==== DATA RECORDS
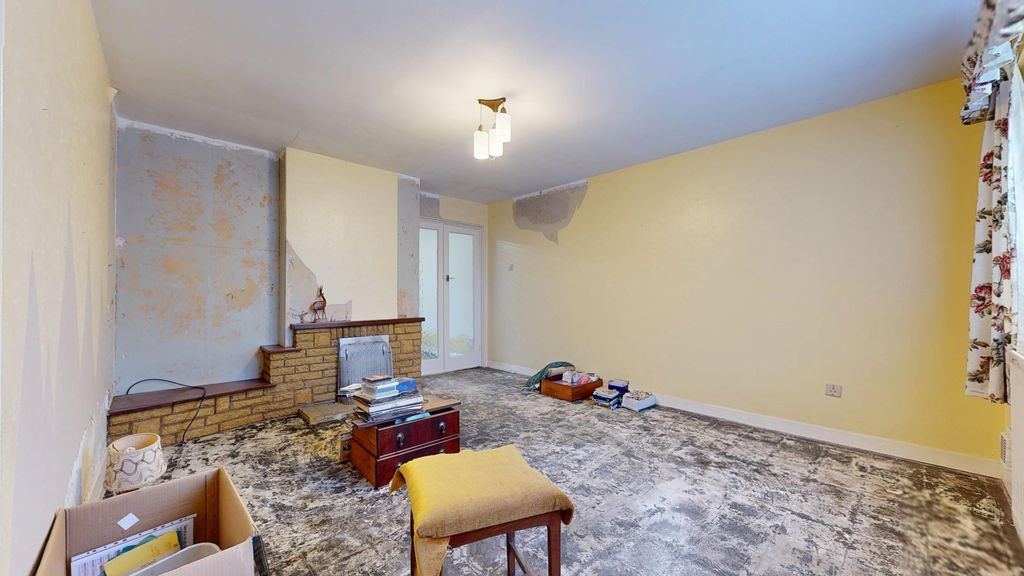 Property photo 3 of 20 4274385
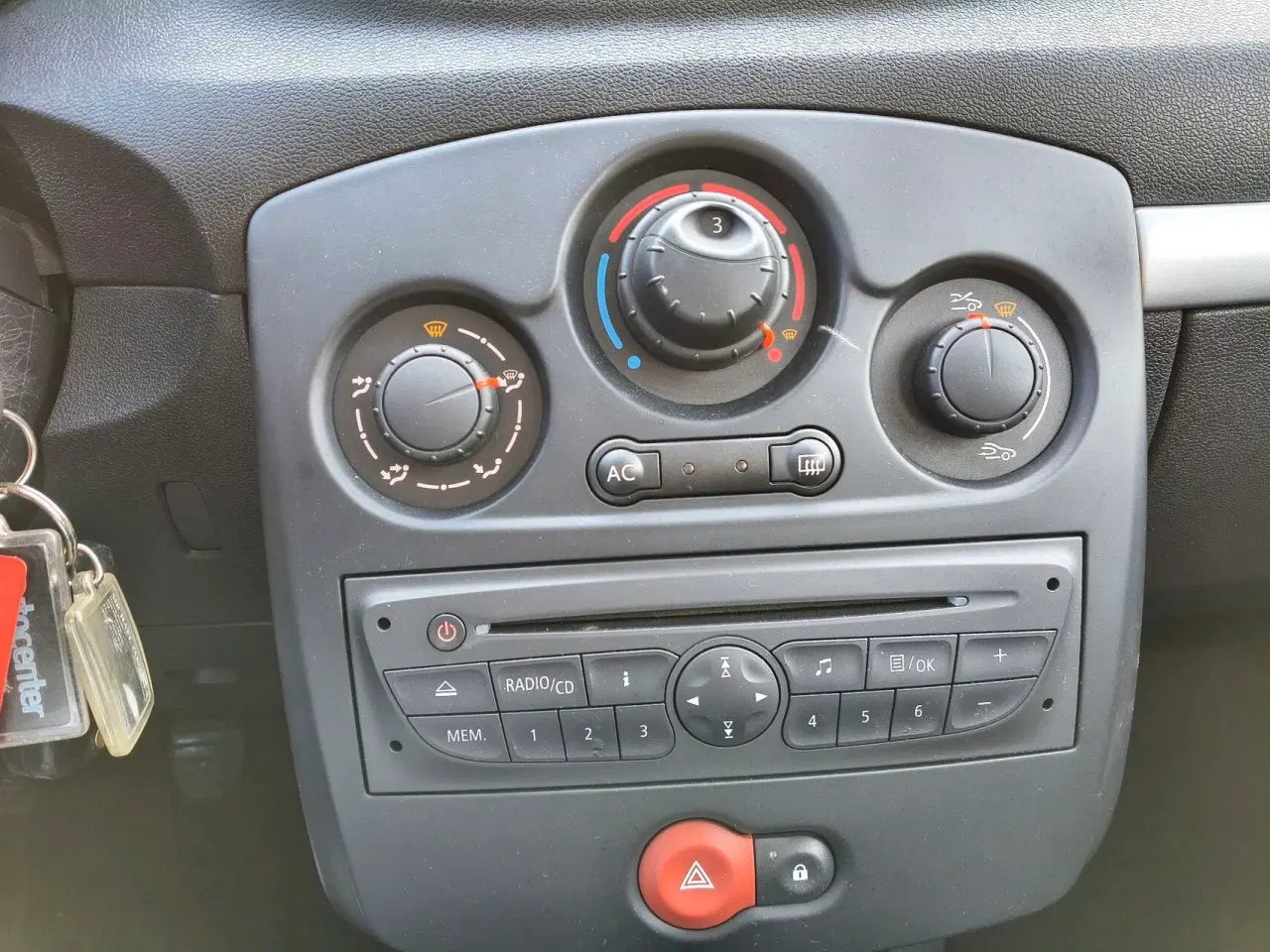 Billede 7 - Renault Clio 1,2 16V Pack 75HK 5d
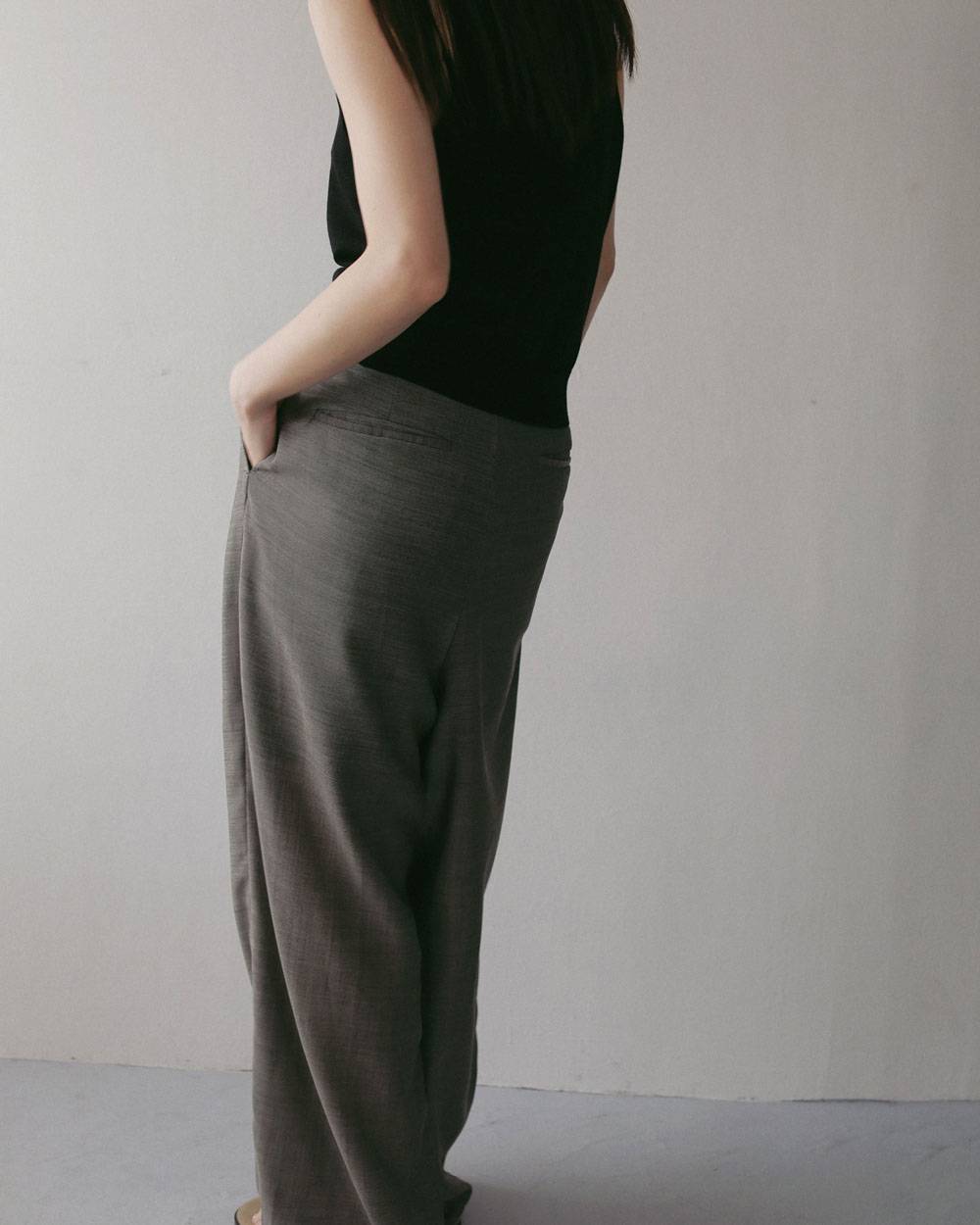 Woolchambray Tuck Pants Woolchambray Tuck Pants,ウールシャンブレー タック パンツ,62710717,ボトム,パンツ,ワイドパンツ,ウール,ànuke,アンヌーク,lifes,ライフズ,27ss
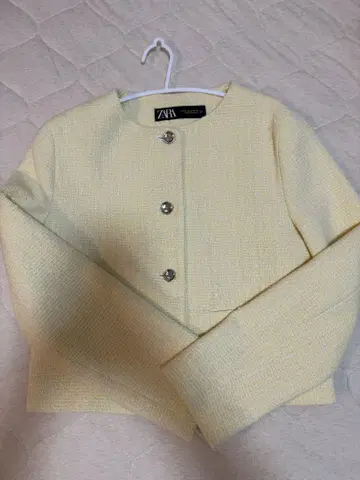 ZARA 트위드 노카라 자켓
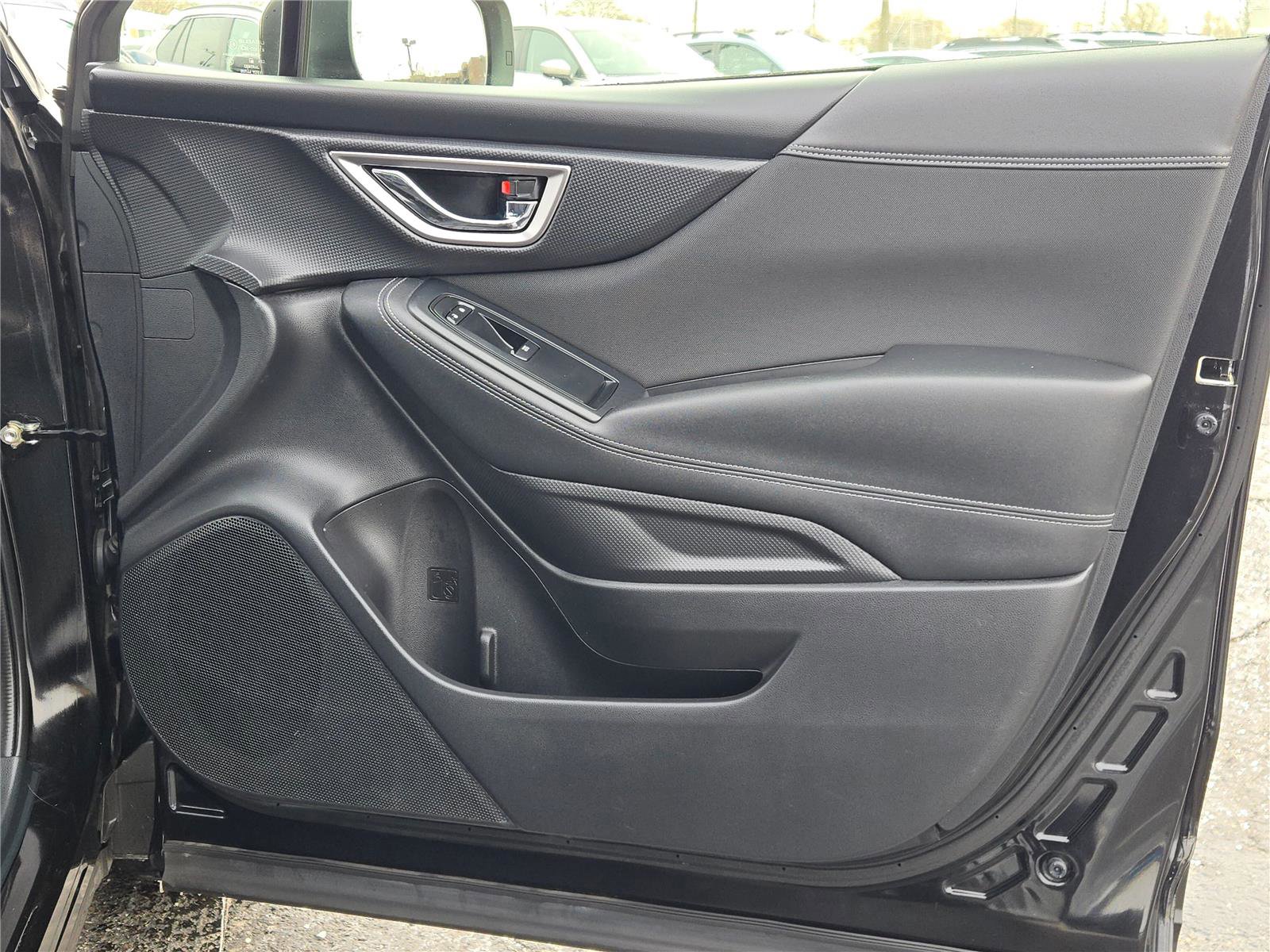 Used 2023 Subaru Forester Premium image 9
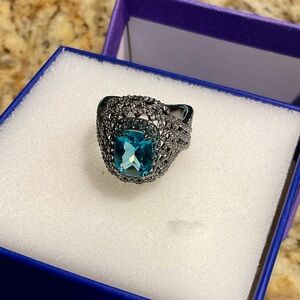 Elegant Silver and Blue Gemstone Ring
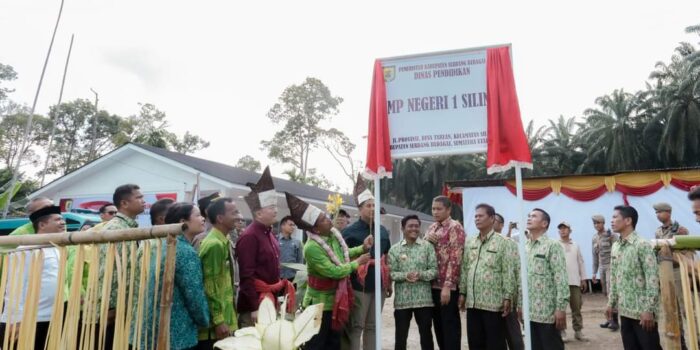 Darma Wijaya Resmikan Pembangunan Gedung Baru SMP Negeri 1 Silinda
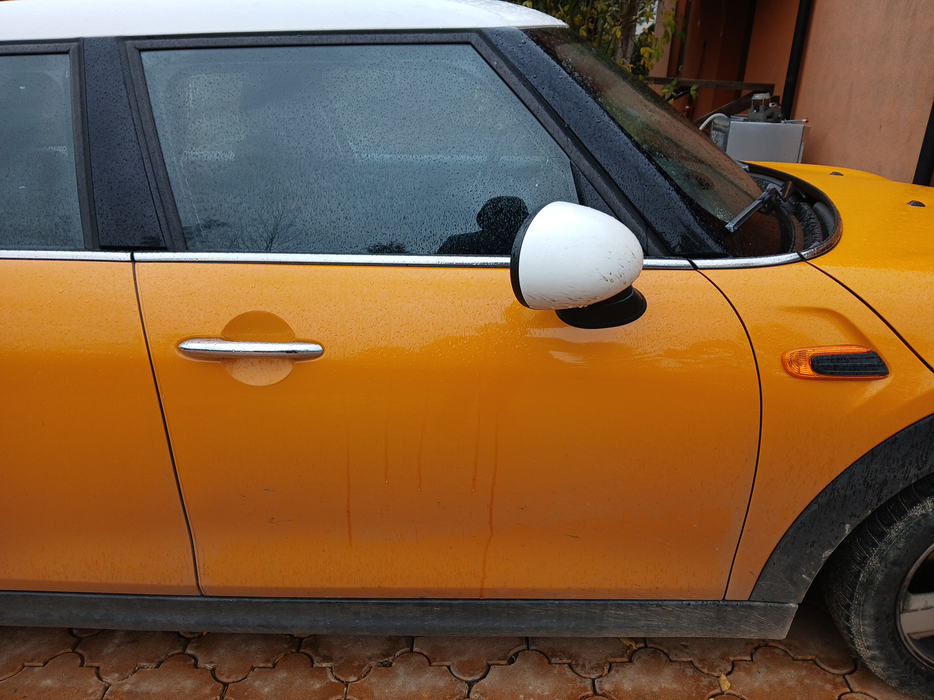 Zdjęcie drzwi przednich prawych wraz z szybą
========
● ACTIVITY: Could you give the material above again, exactly and without its pictures?

● ANSWER TO THIS EXERCISE:
 Property photo 3 of 20 4274385
 Billede 7 - Renault Clio 1,2 16V Pack 75HK 5d
 Woolchambray Tuck Pants Woolchambray Tuck Pants,ウールシャンブレー タック パンツ,62710717,ボトム,パンツ,ワイドパンツ,ウール,ànuke,アンヌーク,lifes,ライフズ,27ss
 ZARA 트위드 노카라 자켓
 Used 2023 Subaru Forester Premium image 9
 Elegant Silver and Blue Gemstone Ring
 Darma Wijaya Resmikan Pembangunan Gedung Baru SMP Negeri 1 Silinda
 Zdjęcie drzwi przednich prawych wraz z szybą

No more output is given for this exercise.